Left Hand Valley Courier - All Local, All The Time

By Aurelia Pollard

Niwot LID talks maintenance, Link building and taxes


March 30, 2016

The Local Improvement District’s (LID) March meeting was an extensive one, as it covered several funding requests and discussed important new business.

Chuck Klueber, Niwot Business Association (NBA) streetscape representative, attended the meeting on behalf of the NBA to request funds for snow removal, tree maintenance, district maintenance and repairs, and event banners.

The funding request for snow removal was $1,500, which would cover all of 2016 and include the removal of snow along Second Avenue. The snow is to be cleared of parking spaces and dumped at the ends of the street. However, LID members were concerned about the large piles of snow that take weeks to melt, and are eye-sores to shoppers.

LID members asked if the snow could be completely removed from the area, but the concern was how long that would take and how much extra it would cost. The board decided to approve the request, and asked Klueber to look into complete snow removal.

Klueber moved on to asking for $1,450 for the maintenance of the trees along Second Avenue and the tree carvings and Christmas tree on Niwot Road for 2016. The funds would cover deep water feeding in the winter, and fertilization of the trees in the spring and fall.

One LID member asked how much longer they would have to fund the live tree maintenance, and the general consensus was for five to seven years. LID members agreed this was important to keep the street looking nice, and approved the request.

The next request was for district maintenance and repairs, which Klueber asked $2,250 for. He said these funds would cover weatherizing the trees (which is a fixed cost), street lamp and bulb replacements, weed removal and lamp post touch ups, and miscellaneous repairs—all of which would be as needed.

LID members were concerned with the vagueness of the miscellaneous repairs, and moved to amend that portion of the request. They approved the funding request, with an amendment to specify miscellaneous repairs to the sprinkling system, graffiti cleanup, watering machines, street cleaning and lamp post maintenance.

Klueber’s last funding request was $1,400 for event banners. The money would include maintenance for banners along Second Avenue and in Cottonwood Square, and possible new banners to replace old ones. He said the NBA has to design and purchase new banners, and put them up and take them down three times a year, which isn’t cheap. The request was approved by the LID.

The final funding request was from Bruce Warren, who spoke on behalf of the Niwot Cultural Arts Association (NCAA), and asked for $12,575 for parking and fencing improvements for the Niwot Children’s Park. Warren said this cost will benefit the community and business district, once the park is open.
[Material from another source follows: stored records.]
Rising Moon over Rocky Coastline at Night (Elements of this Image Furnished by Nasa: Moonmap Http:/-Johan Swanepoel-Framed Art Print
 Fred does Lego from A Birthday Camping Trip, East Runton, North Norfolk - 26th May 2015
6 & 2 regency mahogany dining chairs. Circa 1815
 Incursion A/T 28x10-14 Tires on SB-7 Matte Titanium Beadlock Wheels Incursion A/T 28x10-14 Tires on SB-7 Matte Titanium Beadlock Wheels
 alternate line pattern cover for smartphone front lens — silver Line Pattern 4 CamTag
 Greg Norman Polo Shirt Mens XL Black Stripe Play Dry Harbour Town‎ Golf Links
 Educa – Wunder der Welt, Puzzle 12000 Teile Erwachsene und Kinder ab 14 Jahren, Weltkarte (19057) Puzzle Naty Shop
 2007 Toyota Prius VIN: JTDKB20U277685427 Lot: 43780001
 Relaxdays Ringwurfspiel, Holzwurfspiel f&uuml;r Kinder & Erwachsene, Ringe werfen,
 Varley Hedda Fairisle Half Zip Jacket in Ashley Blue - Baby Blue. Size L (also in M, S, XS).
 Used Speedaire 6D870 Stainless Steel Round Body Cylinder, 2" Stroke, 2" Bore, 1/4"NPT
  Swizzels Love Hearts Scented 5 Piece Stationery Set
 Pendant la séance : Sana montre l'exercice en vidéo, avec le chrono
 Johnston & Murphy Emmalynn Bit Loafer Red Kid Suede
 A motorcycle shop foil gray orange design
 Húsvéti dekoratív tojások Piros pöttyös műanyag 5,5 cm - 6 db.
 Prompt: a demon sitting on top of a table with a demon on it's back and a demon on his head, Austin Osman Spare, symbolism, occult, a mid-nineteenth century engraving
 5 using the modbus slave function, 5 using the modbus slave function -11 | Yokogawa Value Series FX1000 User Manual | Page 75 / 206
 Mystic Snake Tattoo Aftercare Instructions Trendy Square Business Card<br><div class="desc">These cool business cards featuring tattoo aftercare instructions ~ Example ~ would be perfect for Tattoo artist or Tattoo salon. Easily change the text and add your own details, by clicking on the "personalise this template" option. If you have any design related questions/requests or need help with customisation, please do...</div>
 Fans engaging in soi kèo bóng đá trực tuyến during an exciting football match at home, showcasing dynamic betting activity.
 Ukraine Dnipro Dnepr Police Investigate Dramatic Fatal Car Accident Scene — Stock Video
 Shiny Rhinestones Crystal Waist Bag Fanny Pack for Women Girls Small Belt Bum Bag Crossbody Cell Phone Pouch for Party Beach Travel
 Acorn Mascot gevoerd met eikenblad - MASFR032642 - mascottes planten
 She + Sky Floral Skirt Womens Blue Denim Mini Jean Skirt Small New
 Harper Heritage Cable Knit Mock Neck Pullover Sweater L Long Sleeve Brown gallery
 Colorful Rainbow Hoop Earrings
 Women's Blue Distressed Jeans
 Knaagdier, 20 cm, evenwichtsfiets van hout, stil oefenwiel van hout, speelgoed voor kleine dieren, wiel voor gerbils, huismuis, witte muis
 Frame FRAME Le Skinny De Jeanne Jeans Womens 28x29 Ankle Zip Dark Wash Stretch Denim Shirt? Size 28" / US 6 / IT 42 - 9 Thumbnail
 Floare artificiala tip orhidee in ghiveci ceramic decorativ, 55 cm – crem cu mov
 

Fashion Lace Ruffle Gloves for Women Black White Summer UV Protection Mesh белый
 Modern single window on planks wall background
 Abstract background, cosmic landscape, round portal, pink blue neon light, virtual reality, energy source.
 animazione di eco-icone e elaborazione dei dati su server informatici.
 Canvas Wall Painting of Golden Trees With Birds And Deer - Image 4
The parking area will consist of 12 to 13 spaces, with one dedicated handicap spot.

The funds also will cover bumper blocks, a bike rack that will look like a giant tricycle, and fencing around the park. Some LID members asked if this could be done cheaper through Boulder County, and if the NCAA would come back to ask for more funds. Warren said the NCAA has enough money now to do everything that’s essential and hasn’t considered what they may ask future funds for. The LID approved the request.

Anne Postle gave an update on the Link Building. She said that the planning commission voted to recommend approval her proposal to county commissioners at its Feb. 17 meeting, with some conditions. Postle said the only requirement she doesn’t agree with is including an electric vehicle charging station in the parking lot. The planning commission modified the requirement to include options for wiring for the station, or for the LID to finance a community charging station.

LID members agreed the Link building is not an appropriate place for a charging station, and this burden should not be placed on just one business owner. Postle said her proposal goes before the commissioners on March 31, at 9 a.m., and she hopes they will see her side of the situation. The LID approved a resolution against the charging station to present to the commissioners; however, Postle said she will do whatever it takes to continue with this project.

The last item of new business was the issue of the Niwot Market not collecting LID sales taxes on food sales. Attorney Bruce Warren, representing the Niwot Market, explained that “the market has never collected LID sales tax [which is one percent] or any other sales tax on food items, believing that food was exempt from sales taxes based on the language of the resolution which formed the LID.”

Now, the Colorado Department of Revenue (CDOR) is saying the market needs to reimburse the LID in back taxes, which could be as much as $100,000. LID members said they never expected money from the market on food sales tax, and believe this would hurt the business and customers. The LID approved a resolution to support the Niwot Market’s position that the CDOR is wrong for saying the market is responsible for collecting LID sales tax on food.